Brian Thacker, director of public works, said the department hopes the transfer center can be up and running by January.

After more than a year of study and discussion, the Amherst County Board of Supervisors in January 2020 voted 4-1, with member David Pugh opposed, to approve a contract with Rocky Mount-based Price Building, Inc. to build the 8,000-square-foot facility estimated at $2.2 million. Once the center is in operation, the landfill is slated to close.

The board opted for the transfer station, rather than expanding a new cell at the landfill, in a measure officials have said would lead to cost savings in the long run.

The landfill’s current active cell is nearing its airspace capacity and is at the maximum height, Thacker said.

“We have to some do something,” Thacker said. “The county [board] made a determination it would be cheaper to truck it out of here than bury it.”

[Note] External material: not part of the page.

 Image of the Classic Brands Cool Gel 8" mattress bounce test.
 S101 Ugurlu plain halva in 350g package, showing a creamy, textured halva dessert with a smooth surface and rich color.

The transfer center will have a dumping floor that Thacker said would allow residents and commercial customers to dump trash. The department will truck the solid waste to another landfill in another locality that hasn’t yet been determined, according to Thacker.

The county several years ago borrowed $4 million for the landfill expansion and is using some of that for other solid waste projects, Thacker said.

County officials have said the transfer center method of solid waste disposal carries less of a liability than burying it in a landfill.

“It’s always a liability because we have to monitor it,” Thacker said. “Even when we close a landfill we are required for 30 years to monitor it.”

The county is monitoring a former landfill in northern Amherst County that closed 25 years ago, he said.

“And as the [Department of Environmental Quality] restrictions get tighter and tighter, they look for more things and so the county is always on the hook for that,” Thacker said, adding of the transfer center: “It mitigates [liability] somewhat. It’s far less than with a landfill …Having it trucked off by [vehicles] will be easy and less liability.”

The county also has the ability to reopen the current landfill, a property exceeding 200 acres, if necessary in future years, Thacker said.